AMERICA:The rapists were only put on probation, with the judge saying the crime was 'waiting to happen', writes LARA MARLOWE
A YEAR after the crime, Séamus T’s voice still quivers when he recalls how he found his daughter Erin, then 15, lying on the roadside on the night of January 3rd, 2009.
“Daddy, Daddy, get them off me,” she kept moaning. The girl was semi-conscious, and was soaking wet because her assailants had put her under a shower to wash vomit and menstrual blood off her after they gang-raped her.
Séamus T, an Irishman who left Dublin 25 years ago, continues his job as an executive in a mechanical contracting firm, but he has spent much of the past year seeking justice for Erin.
The ordeal started as a cosy reunion of three high-school girls after the holidays. Séamus T dropped his daughter off at an apartment in Gaithersburg, Maryland, at 8.30pm, and was to have picked her up three hours later.
Boys showed up at the party. “They gave her ‘jungle juice’, 100 per cent grain alcohol,” Séamus T explains. Doctors at Shady Grove hospital later found Erin had almost three times the legal limit in her blood.
Three teenagers, then aged 16 and 17, planned the rape. One waited in the bathroom while the other two dragged Erin in. When the district attorney read through the medical report at a seven-hour hearing on September 30th, Erin’s family heard how the attackers tore flesh on three of the girl’s body orifices. She banged her head when she fell against the bath tub, and was covered in bruises.
Had the three young men not boasted of their crime, they would not have been identified, because Erin cannot remember the rape. They were arrested in late February, spent a couple of months in jail, and were freed pending the hearing.
Erin was taunted by other students, who accused her of “snitching”’ on the rapists. The girl was so traumatised that she slept with her mother or older sister until she went to live with relatives in Nevada, at her request.
The case shifted from adult to juvenile court, and Séamus T learned in September that two of the three rapists were back at Magruder High School. He filed a complaint with the board of education, and succeeded in having them transferred.
“My daughter was the only white kid at the party,” Séamus T says.
“I don’t think the attack was racially motivated, but there were racial and class undertones in the courtroom. On one side you had the three rapists, an aunt and two single mothers, all African-Americans. On the other side, everyone was white and middle class.”

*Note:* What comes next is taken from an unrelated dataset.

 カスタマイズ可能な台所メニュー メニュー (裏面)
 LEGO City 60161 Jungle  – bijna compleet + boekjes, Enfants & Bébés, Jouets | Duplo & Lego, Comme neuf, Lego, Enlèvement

Montgomery county circuit court judge Steven Salant so enraged Séamus T that he filed a complaint with the Maryland Commission on Judicial Disabilities, the body that disciplines judges, on the grounds his daughter “was not treated with dignity and respect” as required by the state constitution.
Salant did not respond to The Irish Times’s request for comment, which was made through the court’s spokesman.
Séamus T says Salant blamed the victim and made excuses for the rapists, who he sentenced to probation only. As recounted by the Gaithersburg Gazette newspaper, the judge described the gang-rape as “horrific”, but focused on Erin’s behaviour on the night of the party.
The victim was drunk and “engaged in risky and provocative behaviour” such as sitting on people’s laps and talking about “hooking up”, Salant said in court. “This was a disaster waiting to happen . . . There was a dynamic at work here.
“There were things going on here. It doesn’t make the respondents any less worthy of blame, but what it does mean is I have to determine whether what we have here is sexual predators or respondents who . . . did not get that when a girl is intoxicated and presents herself in that manner you do not take advantage.”
“We were devastated as a family. We were destroyed,” says Séamus T.
“We went to court expecting some compassion. The system is upside down and backwards. The judge was worried about the rapists staying in school, getting evaluated, getting counselling and transportation. Everything is lavished on them. Nobody knocked on my door and said, ‘I’ll show you through the system’.”
Séamus T’s appeals to first lady Michelle Obama, Maryland governor Martin O’Malley and state attorney John McCarthy have gone unanswered. He was treated with kindness by the Irish Embassy, which promised to intervene if he felt he was not being treated as a US citizen would be.
The state legislature has provided the most hope of redress.
Kathleen Dumais, a Maryland state delegate, and Nancy King, a Maryland state senator, have taken up the case. Dumais is drafting legislation that would ban juvenile sex offenders from attending normal public schools and place their names on a register. If passed, it may be called Erin’s law.